- Problem to work on:
The answer must reproduce the listing exactly, with every picture left out.

- Data block:
..........

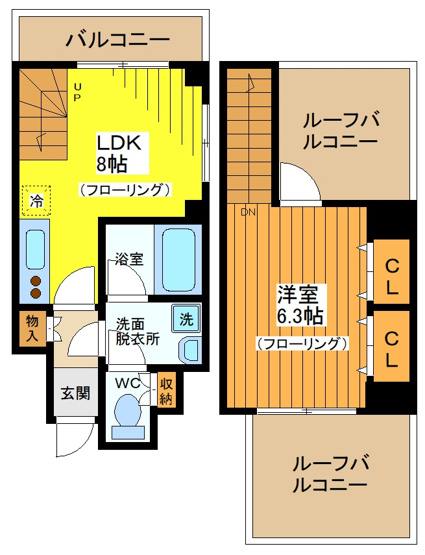 【間取り】 | メゾンヌーヴェル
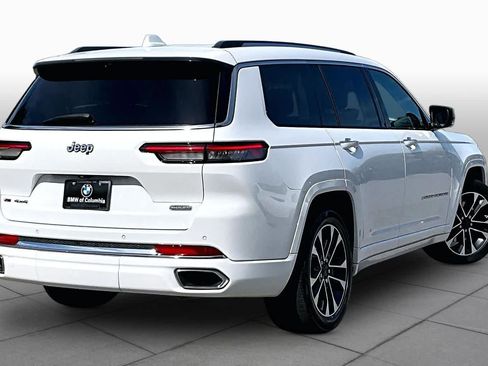 Used 2021 Jeep Grand Cherokee L Overland w/ Advanced Protech Group III AWD/4WD image 12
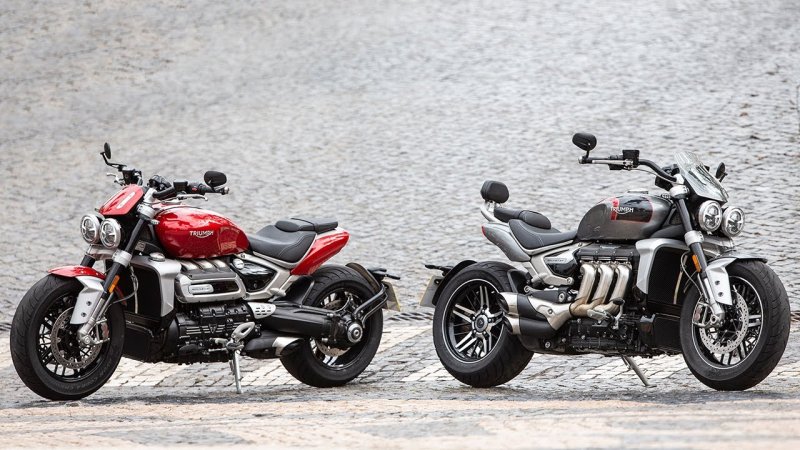 Triumph Rocket 3 gt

..........

- Written solution:
 【間取り】 | メゾンヌーヴェル
 Used 2021 Jeep Grand Cherokee L Overland w/ Advanced Protech Group III AWD/4WD image 12
 Triumph Rocket 3 gt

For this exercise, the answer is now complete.